Your task: Reproduce all entries below verbatim. Skip the pictures.

Web page caption snippets
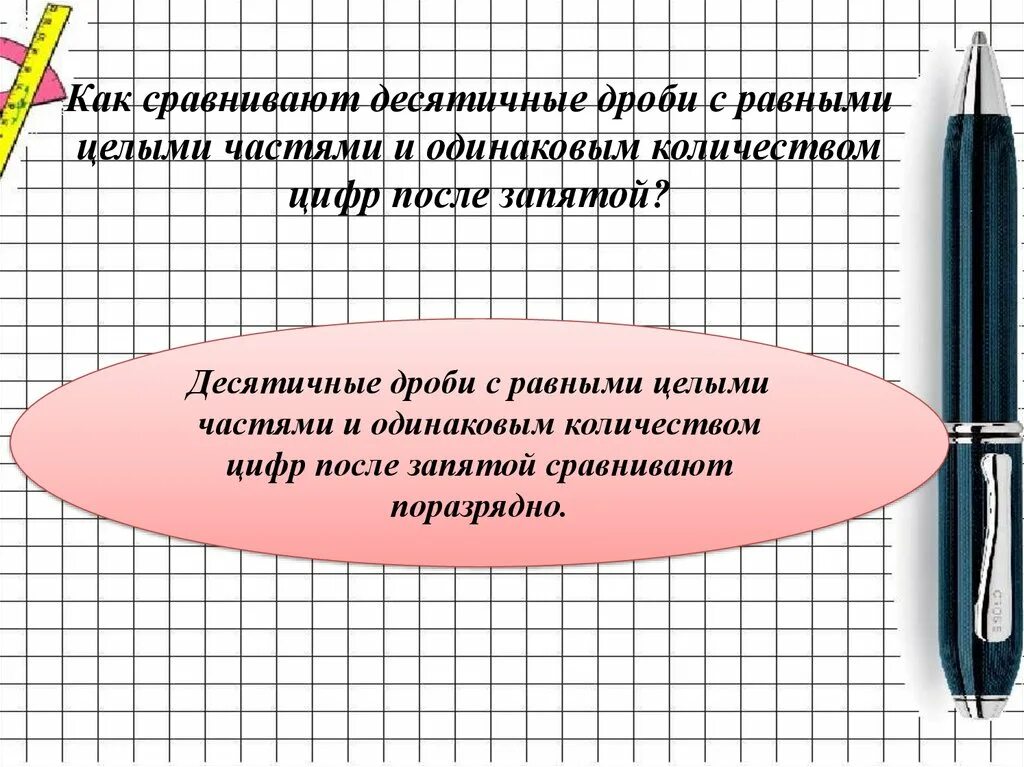 Сравнение десятичных дробей мерзляк. Как сравнивать десятичные дроби. Правило сравнения десятичных дробей. Как сравнить десятичные дроби с равными целыми частями. Как сравниваются десятичные дроби.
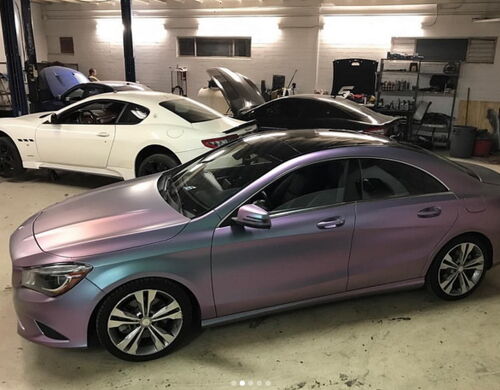 Araç Kaplama Folyosu Oracal 970 Matt 316 Amethyst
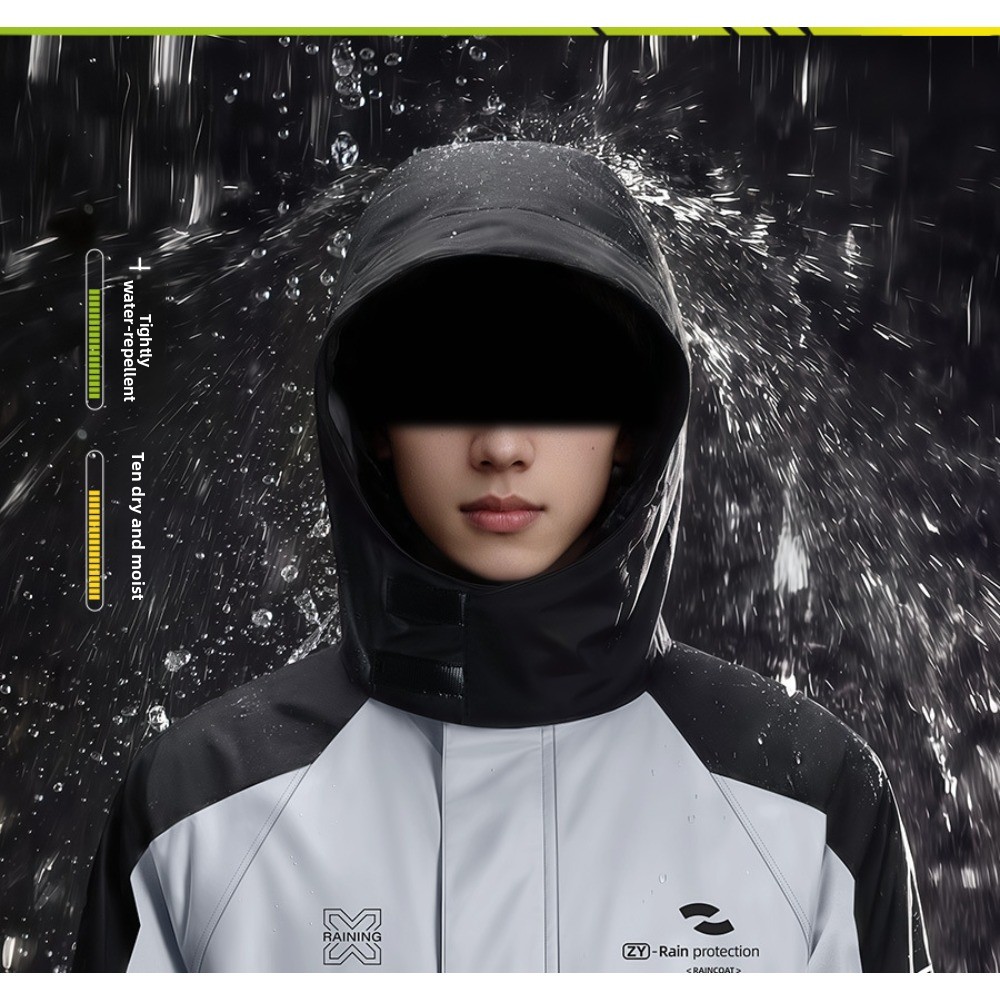Two Piece Motorcycle Rain Suit - Cycling Commute In Rain 评论和价格
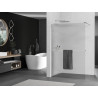 Mexen Kioto+ shower wall with shelf Walk-in 120 x 200 cm, stripes, chrome - 800-120-121-01-09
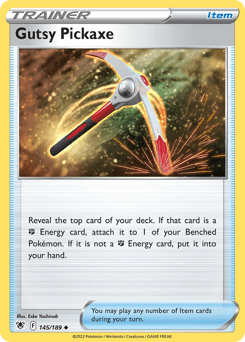 Gutsy Pickaxe Astral Radiance card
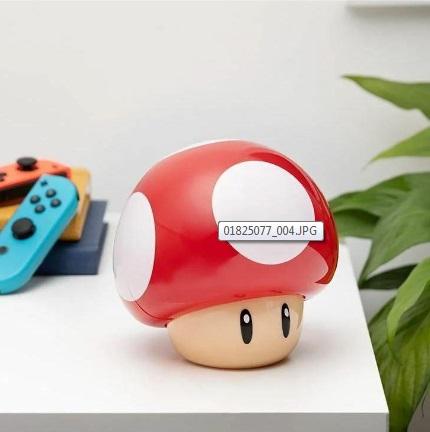 Nintendo Mushroom Light with sound - Try me / Nintendo lampka Grzybek z dźwiękiem (funkcja: Try me)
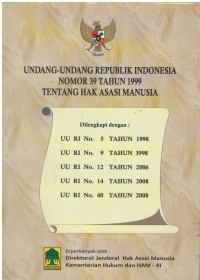 Undang - undang republik Indonesia nomor 39 tahun 1999 tentang hak asasi manusia
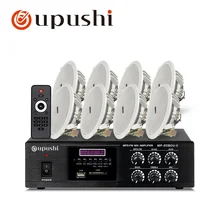 80w Bluetooth pa amplifier connect 10w in ceiling speaker public address system with bluetooth, USB, SD crad, remote control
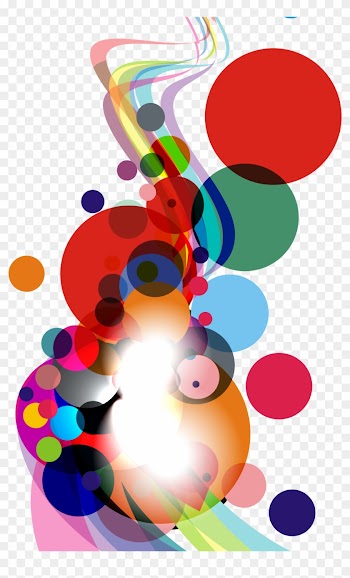 Colorful Round And Curve Abstract Background Vector - Abstract Vector Background Png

Result of this exercise:
 Сравнение десятичных дробей мерзляк. Как сравнивать десятичные дроби. Правило сравнения десятичных дробей. Как сравнить десятичные дроби с равными целыми частями. Как сравниваются десятичные дроби.
 Araç Kaplama Folyosu Oracal 970 Matt 316 Amethyst
Two Piece Motorcycle Rain Suit - Cycling Commute In Rain 评论和价格
 Mexen Kioto+ shower wall with shelf Walk-in 120 x 200 cm, stripes, chrome - 800-120-121-01-09
 Gutsy Pickaxe Astral Radiance card
 Nintendo Mushroom Light with sound - Try me / Nintendo lampka Grzybek z dźwiękiem (funkcja: Try me)
 Undang - undang republik Indonesia nomor 39 tahun 1999 tentang hak asasi manusia
 80w Bluetooth pa amplifier connect 10w in ceiling speaker public address system with bluetooth, USB, SD crad, remote control
 Colorful Round And Curve Abstract Background Vector - Abstract Vector Background Png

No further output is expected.